DEVLET OTORİTESİNE BÜSBÜTÜN TERS HAREKET ETMİŞLER
Çete üyelerinin GSM operatörüyle değil, ifşa olmamak için Whatsapp ve gibisi uygulamalar üzerinden telefonla görüşmeye itina gösterdikleri, devlet otoritesine büsbütün ters hal ve tavırlarını devam ettiren çetenin hasımları olduğunu öne sürerek ruhsatsız silahlarla dolaştıkları belirtildi. Çete üyelerinin vatandaşlar ortasında kendilerini PKK ve IŞİD üzere terör örgütleri ile bağlantılı oldukları ve dağlarda savaştıkları algısıyla beşerler üzerinde endişe ve baskı yaratıp bu telaffuzları kullanarak alacak verecek sıkıntılarına dahil olup tahsilat yaptıkları, ferdi olarak şahıslardan silah yahut para talep ettikleri, şahısları kaçırıp azap ederek görüntülerini çektikleri vurgulandı.
İddianamede, istenen para yahut silahın verilmemesi durumunda görüntülerini internet ortamında yaymakla tehdit ettikleri, iş yeri sahipleri ile şahsen yahut ortacılar vasıtasıyla görüşerek para istedikleri, para istenen işadamlarında kaygı uyandırmak için yahut istenen parayı alamadıklarında araçlarını yahut iş yerlerini kurşunladıkları, kurşunlanma olaylarından sonra şahıslara ikinci ulaşarak para talep ettikleri, vermedikleri taktirde bu kere şiddetin dozunu daha da artıracakları tehdidinde bulundukları tabir edildi.
SUÇ İÇERİKLİ GÖRÜŞMELERİNİ YÜZ YÜZE YAPIYORLAR
Çetenin tabanca ve mermiye ulaşmakta zahmet çekmedikleri, birbirlerini koruyup kolladıkları, cürümlerini ele vermedikleri, vakit zaman birbirlerinin hatalarını üstlendikleri kaydedildi. Silah taşımanın örgütte doğal bir davranış olduğu bildirildi. Telefon konuşmalarında polisin teknik takibine karşı hassas oldukları, ekseriyetle öteki şahıslar ismine telefon sınırı kullandıkları ve yoğunlukla çizgi değiştirdikleri, mümkün polis operasyonlarından en az zayiatla atlatabilmek ismine önlemler aldıkları, cürüm içeren görüşmelerini yüz yüze yapmaya itina gösterdikleri dikkat çekildi.

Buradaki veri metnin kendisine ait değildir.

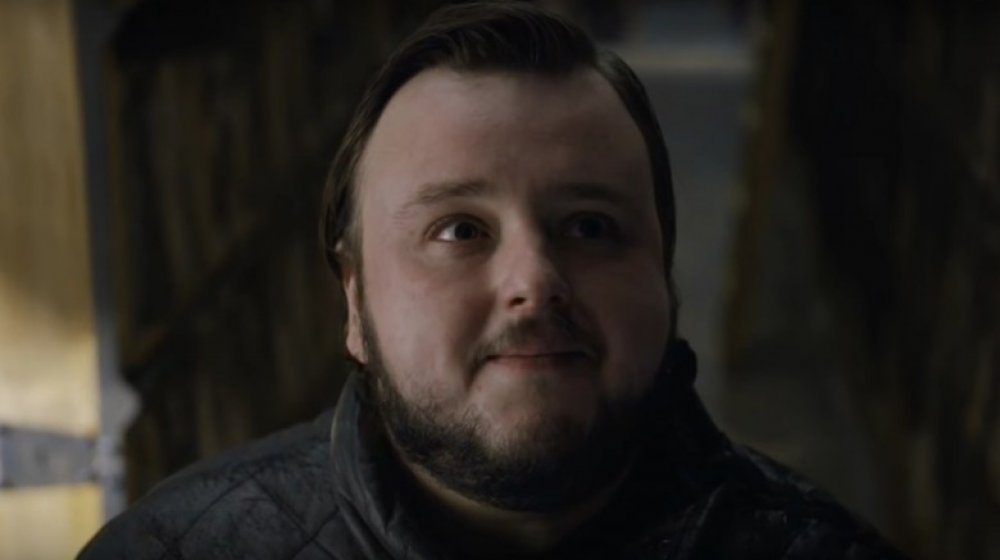 Sam Tarly John Bradley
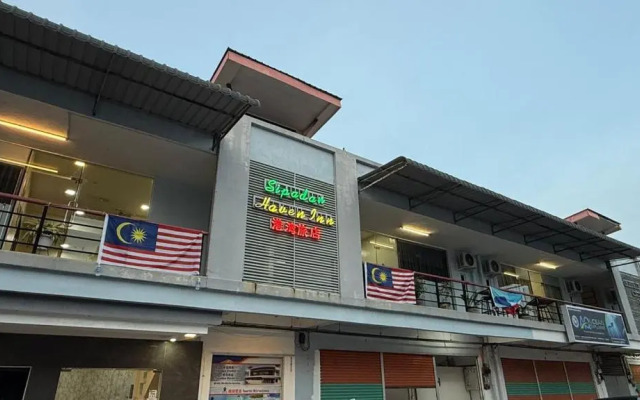 Sipadan Haven Inn Semporna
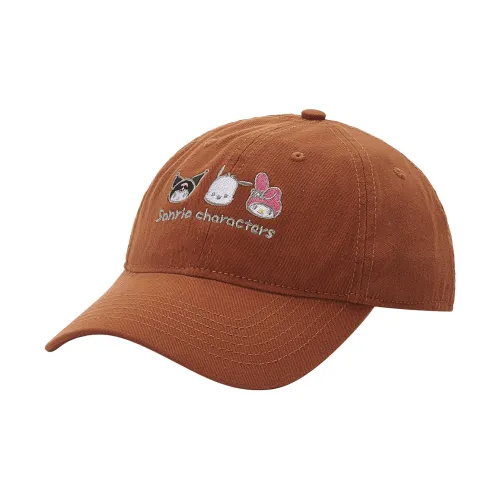Sanrio Хлопковые кепки унисекс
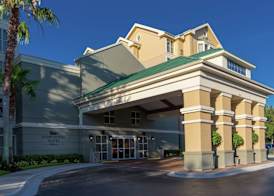 Homewood Suites by Hilton Orlando-International Drive Convention Center 2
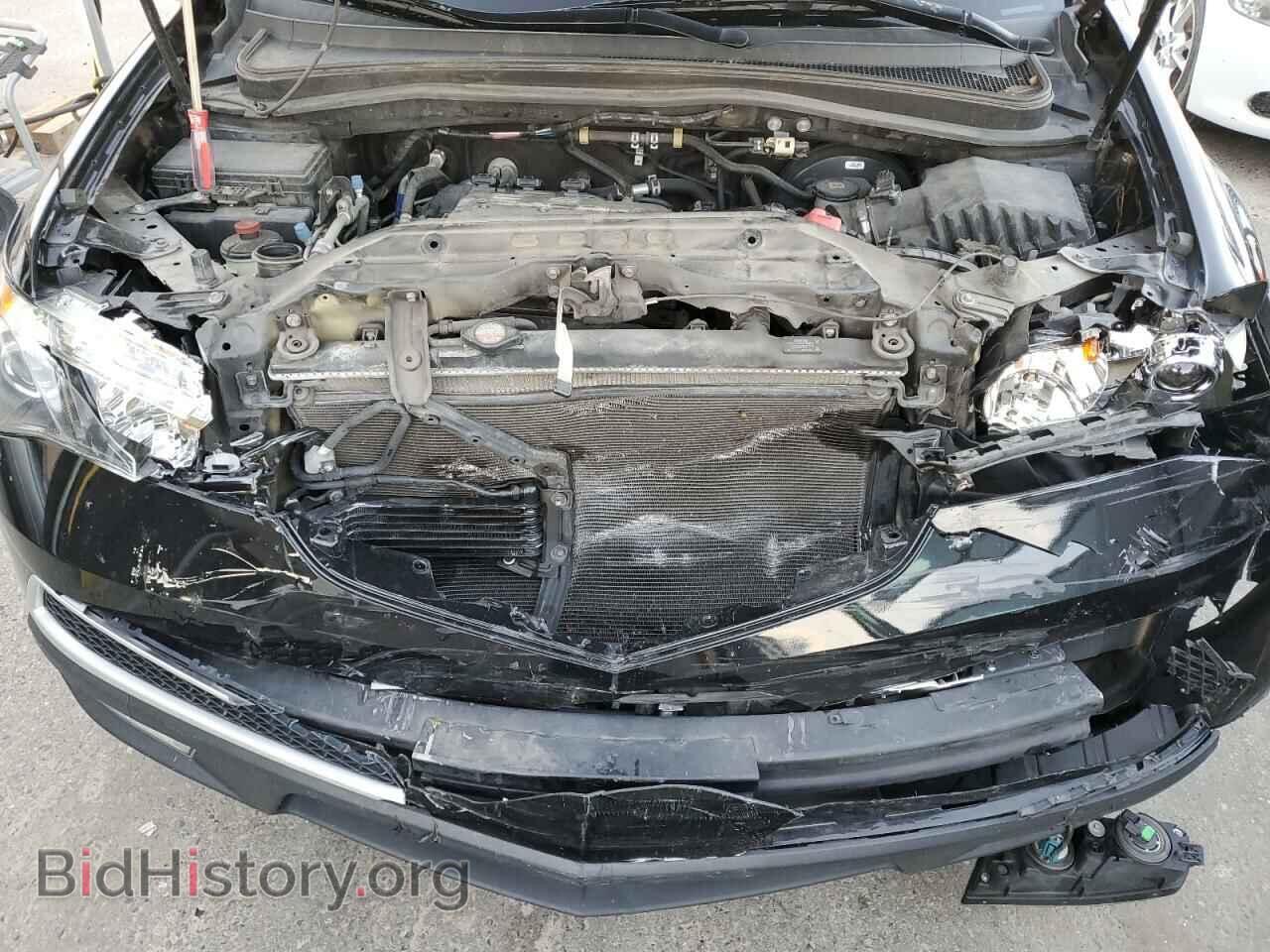 2012 ACURA MDX - VIN: 2HNYD2H26CH533229 - Фото 12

NORMAL GELEN ARAMAYI ÇABUCAK SONLANDIRIYORLAR
Polis takibine karşı devamlı hassas hareket ettikleri, bu hassaslığı da gayrı legal yaşantılarının bir modülü haline getirdikleri, muhatap oldukları üçüncü şahısların örgüt mensupları üzere telefon konuşmalarında dikkatli davrandıkları, olağan aramalarda çabucak internet aramasına geçilmesi için şifreli konuşarak görüşmeyi kısa tutup çabucak sonlandırdıkları vurgulandı. Çete üyelerinin, kendi bölgelerinde faaliyet gösteren farklı cürüm örgütü ve gayrı legal yapılara karşı da hassas oldukları, sıklıkla istihbarat topladıkları, şiddeti ise birinci başvurulan tahlil yolu olarak benimsedikleri anlatıldı. O denli ki, trafikte yaşanan bir tartışmada bile çete üyelerinin yüzlerini gizleyip 3 motosikletle olay yerine gelerek işyerine ilişkin cam ve çerçeveleri kırıp tehdit ederek olay yerinden ayrıldıkları tespit edildi.